Similarity Metrics (Mathematical Foundations) · Topic 56

Thresholding: How to define a “good” match score

A threshold is a cutoff on similarity (or distance) used to decide which results count as matches. There is no universal “good” value—it depends on your metric, your data, and your application’s tolerance for false positives and false negatives.

Summary

For cosine similarity (range −1 to 1), 0.7–0.8 are loose starting points; for L2, lower is better and threshold is scale-dependent. Best: labeled data, score distributions, then tune.
Use relative criteria (top-K, re-rank then threshold) or adaptive thresholds. Document normalized vs. unnormalized scores; keep thresholds in config.
No universal “good” value—depends on metric, data, and tolerance for false positives vs. false negatives. Recalibrate when changing embedding model or collection.
Pipeline: collect labeled pairs → score distributions → choose threshold (or use top-K / re-rank then threshold); store in config and revisit as data drifts.
Trade-off: fixed thresholds are simple but brittle to distribution shift; adaptive or relative thresholds are more robust but less interpretable.

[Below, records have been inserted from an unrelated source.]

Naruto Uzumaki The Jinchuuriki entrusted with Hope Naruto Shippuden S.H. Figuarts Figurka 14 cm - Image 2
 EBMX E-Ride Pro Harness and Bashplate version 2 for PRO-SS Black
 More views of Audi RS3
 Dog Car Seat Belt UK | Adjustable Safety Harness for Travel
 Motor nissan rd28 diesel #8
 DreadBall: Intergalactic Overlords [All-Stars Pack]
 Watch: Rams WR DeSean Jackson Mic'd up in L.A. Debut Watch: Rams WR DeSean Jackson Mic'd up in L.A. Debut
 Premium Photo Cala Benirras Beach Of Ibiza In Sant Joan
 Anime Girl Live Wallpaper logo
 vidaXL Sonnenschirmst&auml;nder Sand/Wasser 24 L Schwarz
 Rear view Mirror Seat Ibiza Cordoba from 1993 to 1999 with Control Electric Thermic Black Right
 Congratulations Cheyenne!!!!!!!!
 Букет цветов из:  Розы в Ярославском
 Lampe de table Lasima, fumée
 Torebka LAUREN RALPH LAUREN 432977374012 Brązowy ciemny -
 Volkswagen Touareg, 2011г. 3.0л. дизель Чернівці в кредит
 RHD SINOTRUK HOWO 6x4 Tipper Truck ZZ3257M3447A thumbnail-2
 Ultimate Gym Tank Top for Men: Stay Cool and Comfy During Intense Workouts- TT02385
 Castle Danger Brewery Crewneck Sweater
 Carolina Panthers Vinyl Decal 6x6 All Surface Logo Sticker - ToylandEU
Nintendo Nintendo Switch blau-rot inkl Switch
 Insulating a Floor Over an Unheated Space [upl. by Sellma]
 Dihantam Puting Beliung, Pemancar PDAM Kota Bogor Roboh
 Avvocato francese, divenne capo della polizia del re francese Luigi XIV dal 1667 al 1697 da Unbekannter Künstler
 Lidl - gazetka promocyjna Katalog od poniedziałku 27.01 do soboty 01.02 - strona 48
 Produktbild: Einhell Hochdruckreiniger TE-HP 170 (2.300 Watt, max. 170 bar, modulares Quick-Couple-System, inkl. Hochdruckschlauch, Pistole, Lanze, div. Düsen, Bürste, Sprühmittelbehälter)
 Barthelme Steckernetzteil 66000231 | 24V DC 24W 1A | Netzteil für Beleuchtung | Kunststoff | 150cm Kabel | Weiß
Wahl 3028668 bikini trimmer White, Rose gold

Choosing a threshold by metric

For cosine similarity (range −1 to 1), values like 0.7 or 0.8 are often used as loose starting points for “relevant” text, but they vary by embedding model and domain. For L2 distance, lower is better; the threshold is a maximum allowed distance and is scale-dependent (e.g. on embedding dimension and normalization).

So the same numerical threshold rarely transfers across models or datasets. Best practice is to collect labeled query–document pairs (or use relevance judgments), compute score distributions for relevant vs. non-relevant pairs, and pick a threshold that balances precision and recall for your use case. Practical tip: plot score histograms for “relevant” and “non-relevant” pairs; set the threshold at a value that separates them reasonably (e.g. high precision with acceptable recall).

Relative and adaptive approaches

Alternatively, use relative criteria: take top-K by score and optionally apply a secondary filter, or use re-ranking and then threshold on the re-ranker’s score. Some systems use adaptive thresholds (e.g. top score minus a margin) when absolute scores are unstable.

Document whether your scores are normalized or unnormalized, and keep thresholds in config so you can tune them as your data and model change. Trade-off: fixed thresholds are simple but can degrade when score distributions shift; adaptive thresholds (e.g. relative to top score) are more robust but less interpretable. Normalized vs. unnormalized distance scores explains how score scale affects threshold choice.

Pipeline summary: define “good” with labeled data and score distributions; set a cutoff (or use top-K / re-rank then cutoff) and store it in config. Recalibrate when you change embedding model, collection, or metric. Impact of distance metrics on recall is separate—recall measures retrieval completeness; thresholding filters the returned set by score. Both matter for end-user quality.

Frequently Asked Questions

Is cosine > 0.8 always “good”?

No. It depends on model, domain, and task. Use labeled data to find the threshold that works for your precision/recall goals.

Can I use the same threshold for different embedding models?

Usually not. Score distributions differ; recalibrate per model (and often per collection).

What is an adaptive threshold?

One that depends on the query or result set, e.g. “top score − 0.1” or “top 10% of scores.” Useful when absolute scale is unstable.

Should I threshold before or after re-ranking?

Often after: get top-K from vector search, re-rank, then threshold on re-ranker score. Re-ranker scores are usually more interpretable.